Veto presidencial atinge projeto que reconhecia estágio como experiência profissional

O presidente Luiz Inácio Lula da Silva vetou integralmente o Projeto de Lei 2.762/2019, que reconhecia o estágio como experiência profissional para concursos públicos e inserção no mercado de trabalho. A decisão ocorre em ano eleitoral, quando a taxa de desemprego entre jovens de 18 a 24 anos supera 14%, segundo a Pesquisa Nacional por Amostra de Domicílios Contínua do IBGE.

Projeto aprovado no Congresso

O PL 2.762/2019, originário da Câmara dos Deputados, foi aprovado pelos deputados quase três anos antes de chegar ao Senado. O texto passou pelas comissões de Educação, de Trabalho e de Constituição e Justiça e de Cidadania antes de ser enviado ao Senado, onde chegou em 2023. O Senado aprovou a proposta em 7 de abril, alterando a Lei do Estágio (Lei 11.788, de 2008).

A proposição previa que a experiência de estágio seria válida para concursos públicos, conforme regulamentação futura. A ideia era combater a dificuldade enfrentada por recém-formados que, mesmo após anos de estágio supervisionado, esbarram na ausência de experiência formal comprovada.

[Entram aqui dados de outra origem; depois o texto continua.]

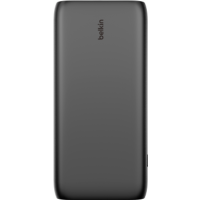 Belkin Портативное зарядное устройство Power Bank 26000мАч, 32Вт, USB-A/USB-C PD PPS, черный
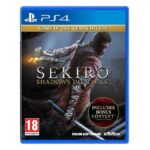 بازی Sekiro Shadows Die Twice GOTY Edition برای PS4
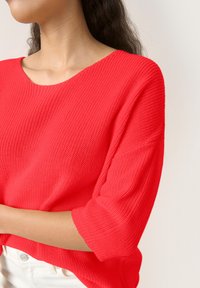 Soaked in Luxury TUESDAY - Maglione - hot coral
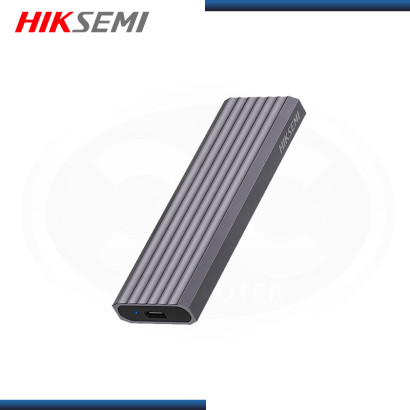 CASE SSD HIKSEMI MDC1 M.2 2280 PCIe NVMe INTERFAZ USB 3.2 GEN2 TIPO-C (PN:HS-HUB-MDC1)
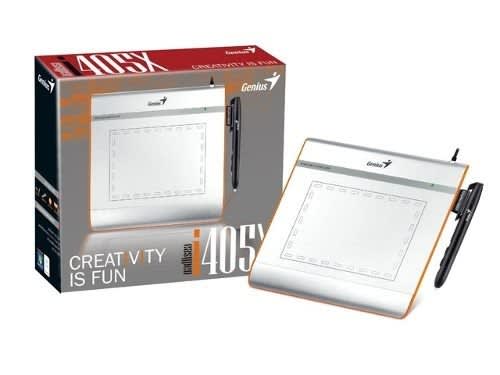 TABLETA DIGITALIZADORA EASYPEN I405X 4X5.5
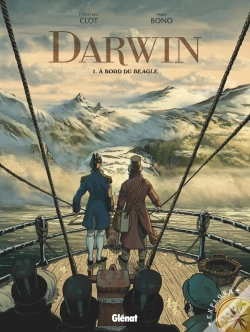 Capa do artigo Darwin Tome 1 ; À Bord Du Beagle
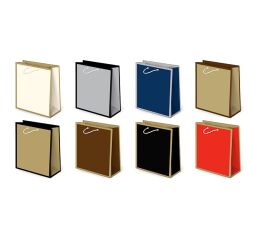 Papírová taška PAW s.c. T-2L sestava 115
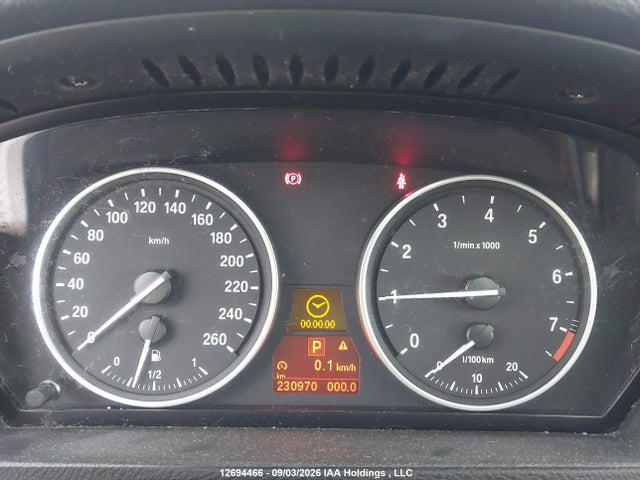 Продаж на аукціоні авто 2009 Bmw X5 Xdrive30i, vin: 5UXFE43549L275200, номер лоту: 12694466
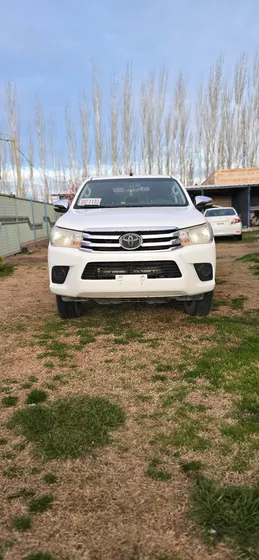 Toyota Hilux Pick-up 2.4 Cd Dx 150cv 4x2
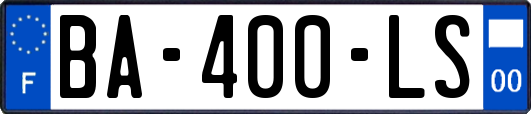 BA-400-LS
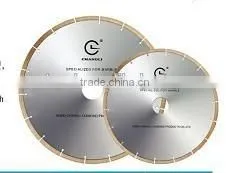 Laser Welded Diamond Saw Blades photo-2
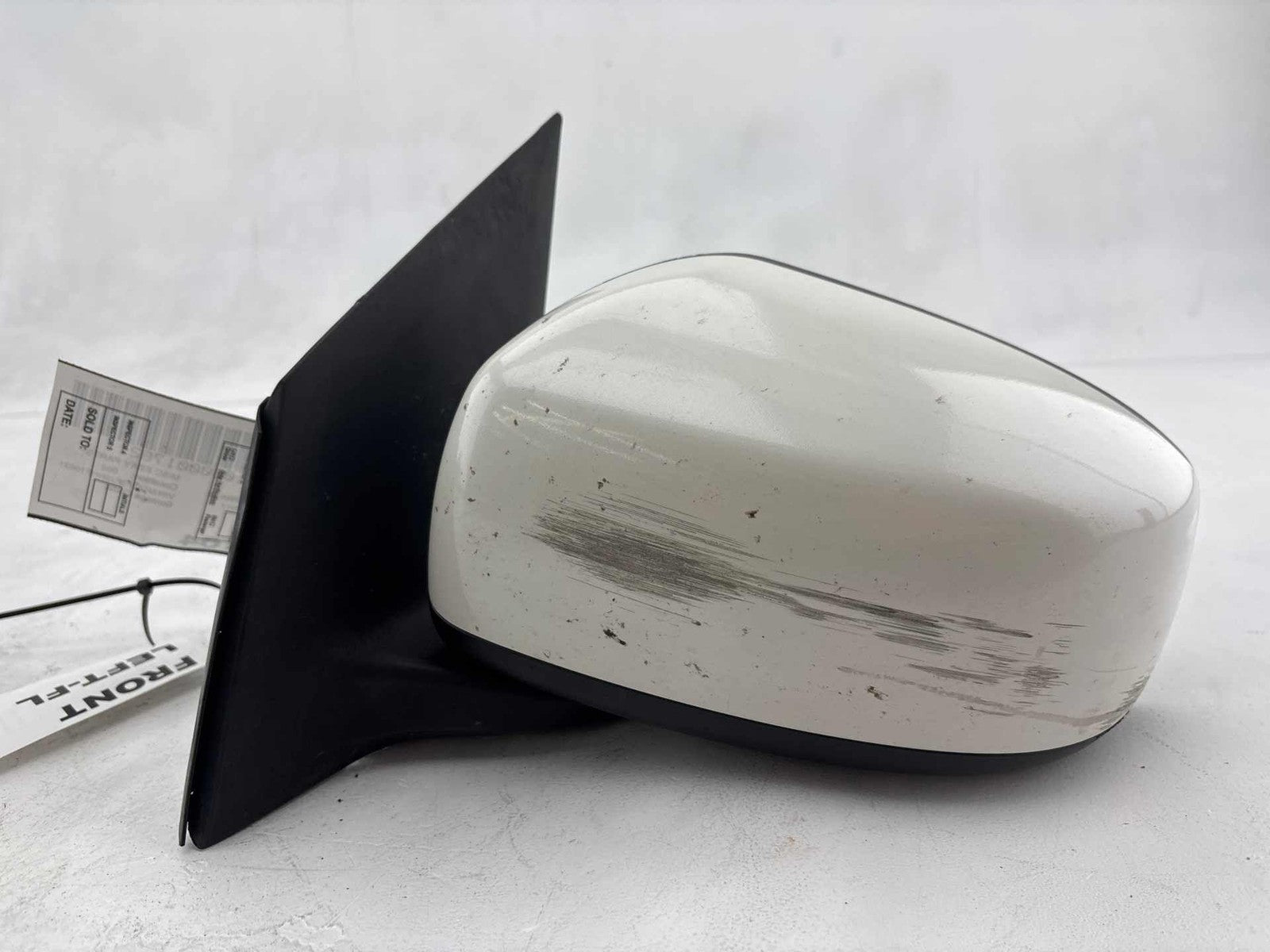 17-20 Mitsubishi Mirage G4 Driver Side Exterior Door View Mirror Oem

Argumentos do veto presidencial

Para a Presidência, a proposição é inconstitucional. A justificativa é que a previsão de regulamentação genericamente atribuída ao Poder Público promoveria a centralização de competência exclusivamente no presidente da República. Essa centralização violaria a autonomia dos entes federativos e a independência dos Poderes.

Defesa no Senado

Durante a votação no mês passado, a relatora Damares Alves (Republicanos-DF) defendeu que o estágio, embora seja uma atividade educacional supervisionada, já ocorre no ambiente de trabalho. No estágio, o estudante desempenha atividades profissionais com vistas à sua preparação para o mercado. A relatora argumentou que o reconhecimento da experiência poderia ampliar as oportunidades para os jovens.

Impacto sobre os jovens

Segundo a Pesquisa Nacional por Amostra de Domicílios Contínua, do IBGE, a taxa de desemprego entre brasileiros de 18 a 24 anos segue acima de 14%. Esse índice é mais do que o dobro da média nacional. A pesquisa foi realizada em ano de eleições gerais, o que torna o veto ainda mais significativo para o eleitorado jovem.

O veto presidencial frustra as expectativas de muitos jovens que aguardavam a sanção da lei como um passo para superar a barreira da falta de experiência formal. A decisão também ocorre em um contexto de debate sobre políticas de emprego e educação.